…Keep those words out of my DM dkm
You want to understand ‘fear of the unknown’? Wait till you wake up to a “We need to talk” text. Among the most dreaded four words anyone can hear from a partner are “We need to talk”. Few four-word sentences have the power to strike fear into a person’s heart, mind, and soul as quickly as “we need to talk”. Anyone who’s ever received such message can testify to its disruptive, day-ruining power. You’re immediately sent into a frenzy of anxiety. The next question that pops in your head is “what have I done?’ or “what did I say?”
I looked up “We need to talk” on Urban Dictionary.

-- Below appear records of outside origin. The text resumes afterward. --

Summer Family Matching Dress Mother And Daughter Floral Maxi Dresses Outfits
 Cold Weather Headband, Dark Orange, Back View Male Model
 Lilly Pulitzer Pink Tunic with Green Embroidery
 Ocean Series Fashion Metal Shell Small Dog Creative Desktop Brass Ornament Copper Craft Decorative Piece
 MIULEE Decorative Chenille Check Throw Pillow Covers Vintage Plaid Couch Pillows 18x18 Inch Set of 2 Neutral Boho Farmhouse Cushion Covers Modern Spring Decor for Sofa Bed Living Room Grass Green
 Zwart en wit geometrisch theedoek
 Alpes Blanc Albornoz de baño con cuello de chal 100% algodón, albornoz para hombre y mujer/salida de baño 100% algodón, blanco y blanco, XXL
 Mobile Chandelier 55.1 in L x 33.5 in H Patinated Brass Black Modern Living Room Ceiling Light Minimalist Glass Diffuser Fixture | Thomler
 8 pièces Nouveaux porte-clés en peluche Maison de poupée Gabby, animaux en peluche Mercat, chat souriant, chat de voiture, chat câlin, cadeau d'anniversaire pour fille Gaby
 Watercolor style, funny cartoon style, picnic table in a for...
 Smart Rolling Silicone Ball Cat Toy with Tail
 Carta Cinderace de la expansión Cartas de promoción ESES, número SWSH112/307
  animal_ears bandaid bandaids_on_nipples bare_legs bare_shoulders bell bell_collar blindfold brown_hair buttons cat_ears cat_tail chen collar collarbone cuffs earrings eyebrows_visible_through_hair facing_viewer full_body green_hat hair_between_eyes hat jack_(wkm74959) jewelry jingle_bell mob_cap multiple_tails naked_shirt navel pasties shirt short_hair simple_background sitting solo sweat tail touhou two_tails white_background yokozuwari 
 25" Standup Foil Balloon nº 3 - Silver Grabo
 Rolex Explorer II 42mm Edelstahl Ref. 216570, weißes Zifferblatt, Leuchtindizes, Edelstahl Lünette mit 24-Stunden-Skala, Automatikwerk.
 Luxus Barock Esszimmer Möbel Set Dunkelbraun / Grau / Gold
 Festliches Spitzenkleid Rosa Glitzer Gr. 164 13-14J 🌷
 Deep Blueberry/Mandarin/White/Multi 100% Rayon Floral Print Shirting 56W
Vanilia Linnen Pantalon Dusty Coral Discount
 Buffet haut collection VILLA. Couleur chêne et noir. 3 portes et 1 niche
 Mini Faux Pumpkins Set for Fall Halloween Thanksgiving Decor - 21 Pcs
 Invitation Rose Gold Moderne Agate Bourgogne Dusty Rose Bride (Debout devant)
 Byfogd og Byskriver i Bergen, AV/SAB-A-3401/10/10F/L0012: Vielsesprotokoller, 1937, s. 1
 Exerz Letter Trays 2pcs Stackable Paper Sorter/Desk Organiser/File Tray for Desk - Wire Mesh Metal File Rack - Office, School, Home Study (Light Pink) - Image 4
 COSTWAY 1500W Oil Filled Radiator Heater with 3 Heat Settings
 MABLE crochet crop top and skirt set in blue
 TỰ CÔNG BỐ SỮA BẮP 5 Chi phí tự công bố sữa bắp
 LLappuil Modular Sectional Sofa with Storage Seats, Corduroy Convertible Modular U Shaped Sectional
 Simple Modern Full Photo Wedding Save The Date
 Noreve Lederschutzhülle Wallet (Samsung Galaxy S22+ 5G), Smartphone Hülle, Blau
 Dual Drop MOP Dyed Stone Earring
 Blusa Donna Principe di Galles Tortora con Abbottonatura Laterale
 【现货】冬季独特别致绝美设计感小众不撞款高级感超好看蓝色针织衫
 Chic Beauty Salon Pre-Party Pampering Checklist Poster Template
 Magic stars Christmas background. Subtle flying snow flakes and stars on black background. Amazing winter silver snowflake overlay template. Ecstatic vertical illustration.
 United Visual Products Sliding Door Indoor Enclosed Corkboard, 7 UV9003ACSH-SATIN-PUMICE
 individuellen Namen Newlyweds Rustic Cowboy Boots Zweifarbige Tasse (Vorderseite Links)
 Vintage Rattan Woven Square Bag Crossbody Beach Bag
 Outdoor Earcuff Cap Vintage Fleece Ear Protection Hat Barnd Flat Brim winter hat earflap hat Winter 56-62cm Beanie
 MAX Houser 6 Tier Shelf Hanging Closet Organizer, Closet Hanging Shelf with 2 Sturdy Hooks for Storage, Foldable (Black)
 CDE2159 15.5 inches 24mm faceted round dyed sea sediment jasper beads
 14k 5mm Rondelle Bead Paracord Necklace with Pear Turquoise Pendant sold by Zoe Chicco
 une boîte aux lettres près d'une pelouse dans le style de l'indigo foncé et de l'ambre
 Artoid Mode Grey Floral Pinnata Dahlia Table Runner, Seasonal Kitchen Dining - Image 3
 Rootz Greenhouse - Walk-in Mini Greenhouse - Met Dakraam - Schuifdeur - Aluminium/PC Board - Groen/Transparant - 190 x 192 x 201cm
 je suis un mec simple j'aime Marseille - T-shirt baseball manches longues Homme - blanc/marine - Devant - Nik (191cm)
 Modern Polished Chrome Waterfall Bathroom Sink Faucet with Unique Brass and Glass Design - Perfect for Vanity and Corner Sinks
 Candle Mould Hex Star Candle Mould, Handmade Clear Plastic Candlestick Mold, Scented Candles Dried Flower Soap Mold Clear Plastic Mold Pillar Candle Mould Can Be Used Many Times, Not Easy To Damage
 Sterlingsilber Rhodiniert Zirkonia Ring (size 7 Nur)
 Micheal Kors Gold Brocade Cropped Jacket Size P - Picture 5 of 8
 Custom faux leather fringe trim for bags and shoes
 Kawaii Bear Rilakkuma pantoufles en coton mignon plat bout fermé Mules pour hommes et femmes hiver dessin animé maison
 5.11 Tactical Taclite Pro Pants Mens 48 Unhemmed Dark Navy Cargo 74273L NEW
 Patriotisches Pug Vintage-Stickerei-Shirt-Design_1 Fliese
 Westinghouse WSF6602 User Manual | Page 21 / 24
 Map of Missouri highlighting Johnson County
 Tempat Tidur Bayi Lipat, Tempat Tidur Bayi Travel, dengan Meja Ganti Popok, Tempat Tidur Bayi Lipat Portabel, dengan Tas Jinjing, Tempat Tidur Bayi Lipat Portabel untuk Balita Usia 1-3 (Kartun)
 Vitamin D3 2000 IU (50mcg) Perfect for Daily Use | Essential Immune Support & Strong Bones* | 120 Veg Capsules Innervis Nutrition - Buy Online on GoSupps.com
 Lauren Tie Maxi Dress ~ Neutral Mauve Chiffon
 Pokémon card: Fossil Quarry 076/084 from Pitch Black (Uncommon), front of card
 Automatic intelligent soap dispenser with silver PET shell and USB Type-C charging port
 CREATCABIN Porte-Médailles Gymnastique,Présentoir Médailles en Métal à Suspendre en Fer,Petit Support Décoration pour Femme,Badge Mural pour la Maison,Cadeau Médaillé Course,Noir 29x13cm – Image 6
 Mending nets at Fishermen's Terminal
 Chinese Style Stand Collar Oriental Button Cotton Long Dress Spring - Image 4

Someone said it means “Listen to me now or I’m walking out the door.” Truth is, in some cases, the ‘talk’ might not necessarily be scary or something to break a sweat on, but you see we’ve been conditioned to think it will be frightening because of what we have read in books, seen on TV and in movies. For many, it’s the beginning of the end. “Hope for the best, but prepare for the worst” becomes the mindset immediately.
And then, it’s just as hard to say as it is to hear. The talker is just as anxious as “talkee”. So, basically, it’s just a truckload of anxiety being baton-passed.
But do you know this situation can be managed? In fact, it can be avoided entirely. There is an extremely easy fix for this that doesn’t involve anyone have a deep-thought under the shower or forgetting rice on fire.
How? Don’t say we need to talk! Yes, it’s that simple. Don’t!. But if you have a coconut head and feel you have to follow the “protocol”, if you are like; No, it must be a “talk,” one that “we need to” have, then say “we need to talk”and Soro soke immediately.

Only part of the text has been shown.